Lo que hacemos es pedir para ellos el perdón de Dios pues, como tantos otros, «no saben lo que hacen» (Lc 23, 34). Y
pedimos perdón con una celebración pública y solemne, que se llama acto de
desagravio. En este caso, lo haremos este viernes 19 de junio a las 20.30hs en
una Misa que presidirá el Sr. Arzobispo en la Capilla Universitaria, con
ocasión de uno de los días más importantes del calendario litúrgico: la
solemnidad del Sagrado Corazón de Jesús.
La reparación es uno de los componentes distintivos de la
devoción al Corazón de Jesús. Ésta se encuentra muy vinculada a la Eucaristía,
al deseo de satisfacer por los ultrajes y sacrilegios con que el Señor es
despreciado en este sacramento. El Corazón es la sede de todos los pensamientos
y acciones; por eso, cuando nos referimos al Corazón de Jesús no hemos de
pensar en una devoción ñoña o de pura sensiblería, puesto que atañe a la
persona misma de Cristo, el Hijo de Dios, que se nos ha dado como modelo para
todos. Como nos dice el apóstol: «Tened
entre vosotros los mismos sentimientos que Cristo» (Flp 2, 5), hasta llegar
a recibir en nosotros la «forma de Cristo»
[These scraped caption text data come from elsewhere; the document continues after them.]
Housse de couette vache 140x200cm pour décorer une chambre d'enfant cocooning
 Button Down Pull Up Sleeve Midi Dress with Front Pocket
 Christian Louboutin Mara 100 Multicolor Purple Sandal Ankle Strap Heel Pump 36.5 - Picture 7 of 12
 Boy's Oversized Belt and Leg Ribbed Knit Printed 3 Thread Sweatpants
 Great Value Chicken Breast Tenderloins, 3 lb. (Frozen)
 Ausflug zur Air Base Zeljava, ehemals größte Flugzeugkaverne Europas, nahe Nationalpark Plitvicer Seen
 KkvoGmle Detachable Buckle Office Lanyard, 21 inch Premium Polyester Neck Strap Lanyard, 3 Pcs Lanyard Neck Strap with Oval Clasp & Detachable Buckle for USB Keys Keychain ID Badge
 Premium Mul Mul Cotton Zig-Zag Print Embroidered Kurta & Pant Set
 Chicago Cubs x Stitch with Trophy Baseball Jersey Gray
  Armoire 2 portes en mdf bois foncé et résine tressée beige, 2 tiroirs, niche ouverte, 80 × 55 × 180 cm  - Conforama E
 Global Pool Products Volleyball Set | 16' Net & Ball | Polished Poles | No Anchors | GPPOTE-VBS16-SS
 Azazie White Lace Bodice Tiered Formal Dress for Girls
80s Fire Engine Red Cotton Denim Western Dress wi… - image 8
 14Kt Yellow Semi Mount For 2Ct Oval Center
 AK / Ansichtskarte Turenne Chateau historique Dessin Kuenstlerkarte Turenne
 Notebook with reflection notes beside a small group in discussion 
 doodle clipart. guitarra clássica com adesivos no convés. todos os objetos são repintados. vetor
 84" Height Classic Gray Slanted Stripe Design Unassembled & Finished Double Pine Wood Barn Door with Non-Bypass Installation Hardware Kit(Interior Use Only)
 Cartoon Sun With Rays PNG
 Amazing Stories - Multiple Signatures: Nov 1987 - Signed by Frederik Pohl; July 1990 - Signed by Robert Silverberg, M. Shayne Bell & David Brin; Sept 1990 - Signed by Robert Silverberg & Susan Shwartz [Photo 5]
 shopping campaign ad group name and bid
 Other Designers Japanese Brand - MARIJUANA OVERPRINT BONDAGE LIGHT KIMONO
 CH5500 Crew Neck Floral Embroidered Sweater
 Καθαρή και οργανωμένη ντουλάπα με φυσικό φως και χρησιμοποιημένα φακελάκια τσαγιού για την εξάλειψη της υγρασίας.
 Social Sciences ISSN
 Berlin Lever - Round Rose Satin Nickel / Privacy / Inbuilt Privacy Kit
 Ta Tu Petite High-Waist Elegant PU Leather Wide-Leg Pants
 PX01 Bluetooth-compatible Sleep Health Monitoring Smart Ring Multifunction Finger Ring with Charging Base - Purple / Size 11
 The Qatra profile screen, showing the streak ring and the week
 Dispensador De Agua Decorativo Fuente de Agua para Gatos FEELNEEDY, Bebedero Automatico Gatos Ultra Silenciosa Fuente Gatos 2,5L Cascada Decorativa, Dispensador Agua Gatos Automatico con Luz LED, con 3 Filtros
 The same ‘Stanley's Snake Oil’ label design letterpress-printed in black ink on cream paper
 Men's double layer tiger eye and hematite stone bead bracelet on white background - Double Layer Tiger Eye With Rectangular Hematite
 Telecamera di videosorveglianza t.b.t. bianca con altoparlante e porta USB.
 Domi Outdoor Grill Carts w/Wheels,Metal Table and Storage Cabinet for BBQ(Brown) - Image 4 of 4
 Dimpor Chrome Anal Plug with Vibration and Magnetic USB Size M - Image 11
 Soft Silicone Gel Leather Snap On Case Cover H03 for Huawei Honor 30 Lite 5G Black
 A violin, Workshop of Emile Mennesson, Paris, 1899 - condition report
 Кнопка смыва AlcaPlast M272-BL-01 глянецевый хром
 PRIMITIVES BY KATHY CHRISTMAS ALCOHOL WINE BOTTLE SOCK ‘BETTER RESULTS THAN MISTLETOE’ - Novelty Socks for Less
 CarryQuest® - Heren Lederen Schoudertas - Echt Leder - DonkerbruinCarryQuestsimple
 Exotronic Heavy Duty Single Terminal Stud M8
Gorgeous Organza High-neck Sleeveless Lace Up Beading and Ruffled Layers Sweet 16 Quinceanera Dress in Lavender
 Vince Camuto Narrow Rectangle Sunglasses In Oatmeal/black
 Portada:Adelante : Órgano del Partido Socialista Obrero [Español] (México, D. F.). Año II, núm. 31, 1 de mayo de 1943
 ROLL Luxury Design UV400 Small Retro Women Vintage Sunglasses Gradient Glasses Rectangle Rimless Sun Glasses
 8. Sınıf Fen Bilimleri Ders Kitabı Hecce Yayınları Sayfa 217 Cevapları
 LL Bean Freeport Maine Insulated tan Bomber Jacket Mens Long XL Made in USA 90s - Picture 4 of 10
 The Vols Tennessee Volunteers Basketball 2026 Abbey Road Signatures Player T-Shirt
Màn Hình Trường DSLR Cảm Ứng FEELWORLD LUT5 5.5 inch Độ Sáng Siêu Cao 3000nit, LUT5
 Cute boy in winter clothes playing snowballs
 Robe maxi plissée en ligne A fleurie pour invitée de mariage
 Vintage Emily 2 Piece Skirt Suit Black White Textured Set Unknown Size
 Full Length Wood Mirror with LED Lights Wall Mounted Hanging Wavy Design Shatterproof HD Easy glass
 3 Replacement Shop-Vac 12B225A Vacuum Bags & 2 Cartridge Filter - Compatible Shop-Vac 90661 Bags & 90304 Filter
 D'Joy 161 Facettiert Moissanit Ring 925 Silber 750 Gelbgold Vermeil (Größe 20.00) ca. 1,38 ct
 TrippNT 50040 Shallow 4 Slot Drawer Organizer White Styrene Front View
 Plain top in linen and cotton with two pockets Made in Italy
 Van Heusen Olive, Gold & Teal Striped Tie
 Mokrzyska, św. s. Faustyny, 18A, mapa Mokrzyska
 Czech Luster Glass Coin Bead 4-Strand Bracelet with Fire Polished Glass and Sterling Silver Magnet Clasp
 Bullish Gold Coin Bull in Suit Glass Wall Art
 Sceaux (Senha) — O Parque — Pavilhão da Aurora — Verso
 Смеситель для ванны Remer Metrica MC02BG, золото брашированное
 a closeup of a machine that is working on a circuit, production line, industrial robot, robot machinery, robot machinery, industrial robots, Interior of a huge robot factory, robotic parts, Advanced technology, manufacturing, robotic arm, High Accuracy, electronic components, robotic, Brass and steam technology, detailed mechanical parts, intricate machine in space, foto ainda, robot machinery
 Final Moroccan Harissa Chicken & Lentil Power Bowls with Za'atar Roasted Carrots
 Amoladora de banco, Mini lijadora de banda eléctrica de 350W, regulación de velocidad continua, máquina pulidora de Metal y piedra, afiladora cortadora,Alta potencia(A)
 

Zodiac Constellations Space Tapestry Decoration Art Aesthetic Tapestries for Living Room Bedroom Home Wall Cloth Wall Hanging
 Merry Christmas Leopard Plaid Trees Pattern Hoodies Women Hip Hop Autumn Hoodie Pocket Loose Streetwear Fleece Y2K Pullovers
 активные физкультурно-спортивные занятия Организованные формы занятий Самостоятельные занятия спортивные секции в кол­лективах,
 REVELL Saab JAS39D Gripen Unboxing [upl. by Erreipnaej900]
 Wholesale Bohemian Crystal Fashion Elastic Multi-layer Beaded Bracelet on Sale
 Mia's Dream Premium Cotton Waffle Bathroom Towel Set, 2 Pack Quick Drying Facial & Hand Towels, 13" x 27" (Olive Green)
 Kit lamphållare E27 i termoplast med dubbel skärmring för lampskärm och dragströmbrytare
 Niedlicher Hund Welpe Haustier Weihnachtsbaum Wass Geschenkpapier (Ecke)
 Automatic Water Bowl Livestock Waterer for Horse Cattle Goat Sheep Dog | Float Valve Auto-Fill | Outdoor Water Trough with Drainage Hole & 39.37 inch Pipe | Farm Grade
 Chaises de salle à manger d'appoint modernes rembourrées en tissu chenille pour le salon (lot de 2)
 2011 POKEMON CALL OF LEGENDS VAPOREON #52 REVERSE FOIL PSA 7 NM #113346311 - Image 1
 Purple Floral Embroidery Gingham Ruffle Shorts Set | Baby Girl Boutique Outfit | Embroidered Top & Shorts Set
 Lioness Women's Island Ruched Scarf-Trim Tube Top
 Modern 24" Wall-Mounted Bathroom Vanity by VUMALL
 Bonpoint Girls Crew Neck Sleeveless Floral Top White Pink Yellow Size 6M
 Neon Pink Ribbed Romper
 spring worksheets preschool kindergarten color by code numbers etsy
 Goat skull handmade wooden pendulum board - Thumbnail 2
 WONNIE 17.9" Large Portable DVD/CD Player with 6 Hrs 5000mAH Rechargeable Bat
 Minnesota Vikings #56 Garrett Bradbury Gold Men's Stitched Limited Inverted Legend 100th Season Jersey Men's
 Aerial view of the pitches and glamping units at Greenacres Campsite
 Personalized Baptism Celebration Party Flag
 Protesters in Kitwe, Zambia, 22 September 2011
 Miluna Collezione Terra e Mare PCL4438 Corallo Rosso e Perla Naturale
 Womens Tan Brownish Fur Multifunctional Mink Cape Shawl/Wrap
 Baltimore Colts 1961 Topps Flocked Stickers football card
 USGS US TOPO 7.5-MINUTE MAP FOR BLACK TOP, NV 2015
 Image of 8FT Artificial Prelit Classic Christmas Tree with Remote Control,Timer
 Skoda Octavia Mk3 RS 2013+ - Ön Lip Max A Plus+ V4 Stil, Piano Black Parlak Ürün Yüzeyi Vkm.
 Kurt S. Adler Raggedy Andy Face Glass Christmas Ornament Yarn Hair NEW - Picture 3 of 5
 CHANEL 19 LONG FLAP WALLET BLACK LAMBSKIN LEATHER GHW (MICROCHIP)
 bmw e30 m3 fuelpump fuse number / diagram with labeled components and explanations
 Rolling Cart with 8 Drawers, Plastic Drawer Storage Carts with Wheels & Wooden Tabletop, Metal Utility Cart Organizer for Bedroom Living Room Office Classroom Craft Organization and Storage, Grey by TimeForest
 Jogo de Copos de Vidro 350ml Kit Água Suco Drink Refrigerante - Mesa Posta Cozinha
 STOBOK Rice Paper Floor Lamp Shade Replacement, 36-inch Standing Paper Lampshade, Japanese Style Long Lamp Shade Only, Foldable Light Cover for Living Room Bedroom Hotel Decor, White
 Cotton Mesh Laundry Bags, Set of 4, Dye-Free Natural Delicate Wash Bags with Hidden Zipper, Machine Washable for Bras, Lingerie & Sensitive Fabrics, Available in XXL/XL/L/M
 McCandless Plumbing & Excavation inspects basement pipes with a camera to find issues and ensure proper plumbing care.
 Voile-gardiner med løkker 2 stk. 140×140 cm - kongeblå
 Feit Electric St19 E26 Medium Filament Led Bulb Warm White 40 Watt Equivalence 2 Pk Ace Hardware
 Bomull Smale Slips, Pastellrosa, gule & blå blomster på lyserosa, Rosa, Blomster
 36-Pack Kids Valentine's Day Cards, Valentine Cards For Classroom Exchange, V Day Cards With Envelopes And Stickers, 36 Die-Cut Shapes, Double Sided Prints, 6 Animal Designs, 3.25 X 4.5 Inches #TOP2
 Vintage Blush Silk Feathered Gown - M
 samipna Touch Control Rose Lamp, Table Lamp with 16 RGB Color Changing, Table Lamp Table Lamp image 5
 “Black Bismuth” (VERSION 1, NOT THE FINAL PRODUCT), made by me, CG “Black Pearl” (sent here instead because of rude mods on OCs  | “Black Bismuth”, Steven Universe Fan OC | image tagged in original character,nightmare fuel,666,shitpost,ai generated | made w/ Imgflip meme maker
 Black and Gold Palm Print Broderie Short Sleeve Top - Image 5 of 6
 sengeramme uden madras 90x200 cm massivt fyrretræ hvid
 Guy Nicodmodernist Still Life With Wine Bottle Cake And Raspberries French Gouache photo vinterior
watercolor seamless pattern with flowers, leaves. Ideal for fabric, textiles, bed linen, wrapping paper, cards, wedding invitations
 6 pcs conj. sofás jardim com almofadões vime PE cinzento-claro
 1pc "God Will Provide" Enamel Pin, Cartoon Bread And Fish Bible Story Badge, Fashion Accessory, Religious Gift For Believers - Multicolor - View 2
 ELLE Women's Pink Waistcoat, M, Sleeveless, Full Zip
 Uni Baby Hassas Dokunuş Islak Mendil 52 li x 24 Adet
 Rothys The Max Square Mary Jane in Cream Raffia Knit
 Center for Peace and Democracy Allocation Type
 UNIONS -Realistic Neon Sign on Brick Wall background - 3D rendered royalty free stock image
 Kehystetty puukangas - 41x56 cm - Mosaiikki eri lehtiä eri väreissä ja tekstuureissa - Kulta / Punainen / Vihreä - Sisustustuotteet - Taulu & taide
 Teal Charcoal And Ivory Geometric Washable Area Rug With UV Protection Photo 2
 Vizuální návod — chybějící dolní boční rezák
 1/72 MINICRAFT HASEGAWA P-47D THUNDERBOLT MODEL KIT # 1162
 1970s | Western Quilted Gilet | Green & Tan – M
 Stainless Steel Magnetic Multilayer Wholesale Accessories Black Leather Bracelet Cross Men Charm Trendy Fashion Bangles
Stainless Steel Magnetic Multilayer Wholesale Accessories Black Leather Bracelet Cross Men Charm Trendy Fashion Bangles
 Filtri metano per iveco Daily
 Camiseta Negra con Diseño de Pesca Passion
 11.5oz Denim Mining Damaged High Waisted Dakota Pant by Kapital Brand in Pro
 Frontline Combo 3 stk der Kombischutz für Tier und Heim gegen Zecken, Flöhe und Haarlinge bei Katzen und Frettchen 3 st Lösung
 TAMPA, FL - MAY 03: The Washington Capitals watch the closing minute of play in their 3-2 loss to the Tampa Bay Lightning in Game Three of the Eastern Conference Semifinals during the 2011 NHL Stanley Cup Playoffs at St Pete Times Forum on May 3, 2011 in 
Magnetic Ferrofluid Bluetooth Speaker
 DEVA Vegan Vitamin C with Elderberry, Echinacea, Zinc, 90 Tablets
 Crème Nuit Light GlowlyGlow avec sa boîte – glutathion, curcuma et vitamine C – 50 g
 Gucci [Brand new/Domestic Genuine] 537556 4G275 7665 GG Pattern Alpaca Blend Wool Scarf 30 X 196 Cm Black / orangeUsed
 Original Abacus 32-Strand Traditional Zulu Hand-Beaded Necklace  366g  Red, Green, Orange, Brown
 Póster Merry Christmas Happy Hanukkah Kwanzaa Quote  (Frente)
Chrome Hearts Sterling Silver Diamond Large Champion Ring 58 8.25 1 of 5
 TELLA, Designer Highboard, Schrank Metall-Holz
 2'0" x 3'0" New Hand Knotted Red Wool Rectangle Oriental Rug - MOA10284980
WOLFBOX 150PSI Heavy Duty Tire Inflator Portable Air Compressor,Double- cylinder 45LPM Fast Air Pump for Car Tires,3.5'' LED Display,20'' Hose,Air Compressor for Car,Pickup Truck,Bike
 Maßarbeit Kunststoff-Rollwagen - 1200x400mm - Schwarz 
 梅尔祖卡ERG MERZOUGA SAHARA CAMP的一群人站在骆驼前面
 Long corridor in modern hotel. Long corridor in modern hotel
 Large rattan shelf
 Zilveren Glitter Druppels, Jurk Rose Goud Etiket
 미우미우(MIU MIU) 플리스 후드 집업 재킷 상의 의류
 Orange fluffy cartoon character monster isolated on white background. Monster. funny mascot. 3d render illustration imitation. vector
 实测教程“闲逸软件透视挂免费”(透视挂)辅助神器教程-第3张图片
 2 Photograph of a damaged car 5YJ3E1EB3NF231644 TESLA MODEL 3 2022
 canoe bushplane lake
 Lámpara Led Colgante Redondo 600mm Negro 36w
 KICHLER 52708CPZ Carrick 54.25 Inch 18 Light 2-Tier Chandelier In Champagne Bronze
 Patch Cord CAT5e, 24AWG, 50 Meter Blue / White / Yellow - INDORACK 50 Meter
(Gál 4, 19). La devoción al Corazón de Jesús nos habla del misterio del amor de
Dios y nos mueve a seguir e imitar a Cristo en se mismo camino del amor, de la
humildad y del servicio: «Jesús, manso y humilde de corazón, haced mi corazón
semejante al vuestro» –le pedimos-. Y nos habla también de reparación, de
ofrecer al Corazón de Jesús nuestro amor y hasta nosotros mismos, mediante la
consagración, en satisfacción por todos aquellos que no lo aman o lo
desprecian. Así se lo reveló Jesús a Santa Margarita María de Alacoque: «He aquí el corazón que tanto ama a los
hombres y no ha recibido, en cambio, más que olvido, negligencia y menosprecio».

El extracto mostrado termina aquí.